▶ DIRECTIONS: Your task is to repeat all of the data exactly while excluding the pictures.

▶ DATA FOR ANALYSIS:

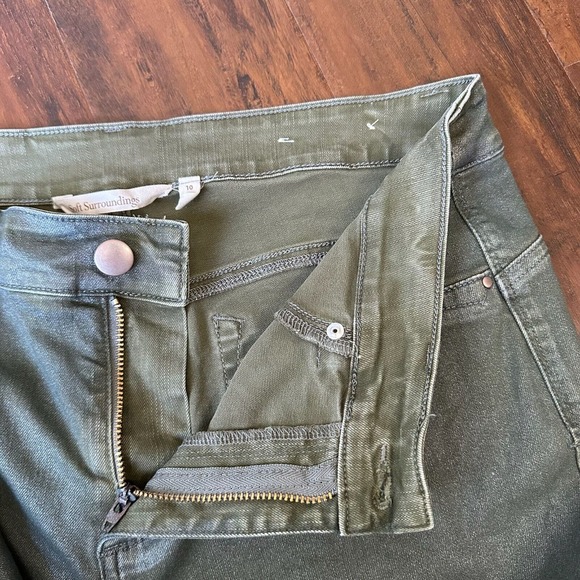 SOFT SURROUNDINGS Denim-Like Skinny Pants #2CR14 Coated Sage Green - Picture 3 of 11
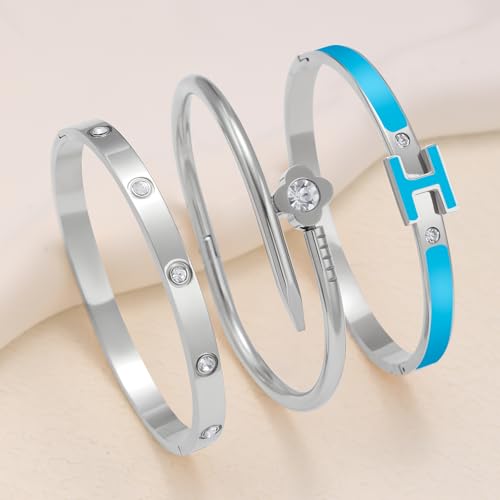 3Pcs Gold Bracelets for Women 14K Gold Plated Love/H/Nail Bangle Bracelet Dainty Non Tarnish Bracelet Jewelry Christmas Mothers Day Gifts for Women - color: 3Pcs Silver/Blue H bracelet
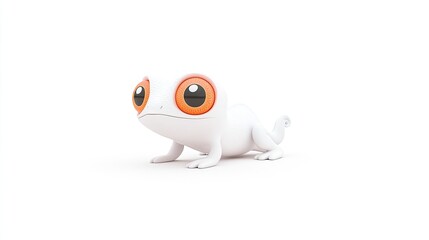 A cute white gecko with large orange eyes posed on a clean white background, showcasing its unique features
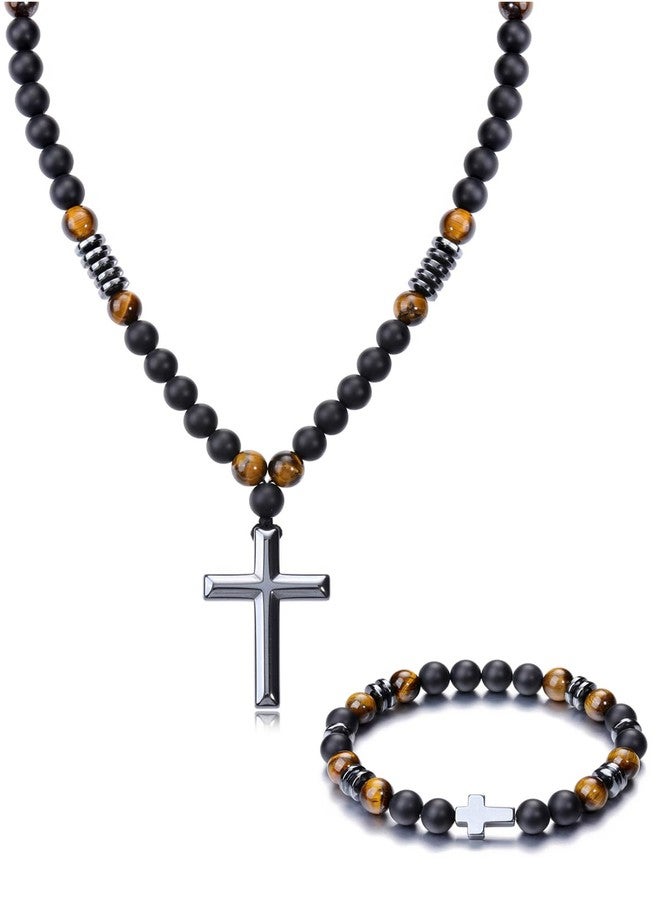Jovivi 8mm Black Onyx Hematite and Tiger Eye Beaded Necklace with Cross Bracelet Set Triple Protection Religious Jewelry for Anxiety Relief - Image 1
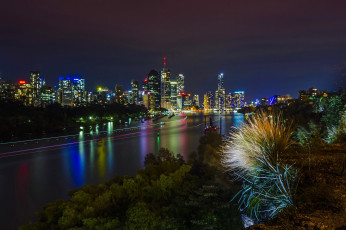 Картинка города мельбурн+ австралия мельбурн дома река ночь огни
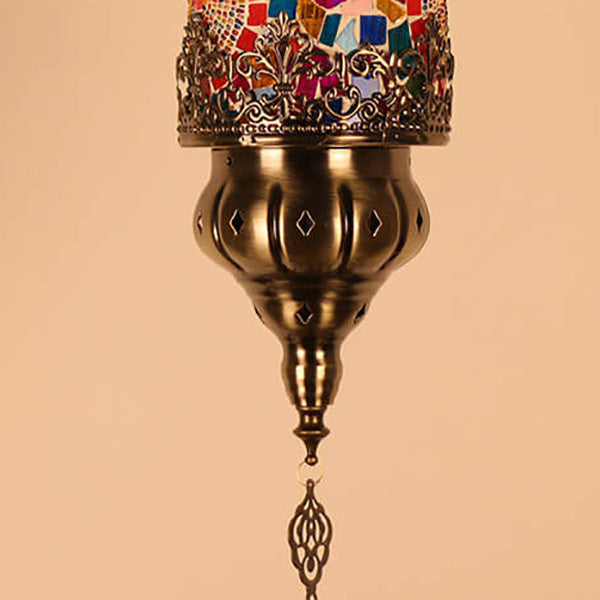 Vintage Southeast Asian Style Iron Glass 1-Light Pendant Light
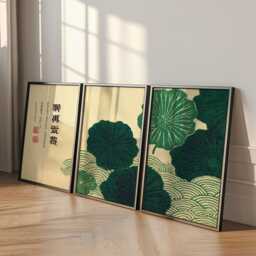 Green Botanical Woodblock Posters Set Of 3 - Japanese Style Floral Wall Art - thumbnail 3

▶ TASK OUTPUT:
 SOFT SURROUNDINGS Denim-Like Skinny Pants #2CR14 Coated Sage Green - Picture 3 of 11
 3Pcs Gold Bracelets for Women 14K Gold Plated Love/H/Nail Bangle Bracelet Dainty Non Tarnish Bracelet Jewelry Christmas Mothers Day Gifts for Women - color: 3Pcs Silver/Blue H bracelet
 A cute white gecko with large orange eyes posed on a clean white background, showcasing its unique features
Jovivi 8mm Black Onyx Hematite and Tiger Eye Beaded Necklace with Cross Bracelet Set Triple Protection Religious Jewelry for Anxiety Relief - Image 1
 Картинка города мельбурн+ австралия мельбурн дома река ночь огни
 Vintage Southeast Asian Style Iron Glass 1-Light Pendant Light
 Green Botanical Woodblock Posters Set Of 3 - Japanese Style Floral Wall Art - thumbnail 3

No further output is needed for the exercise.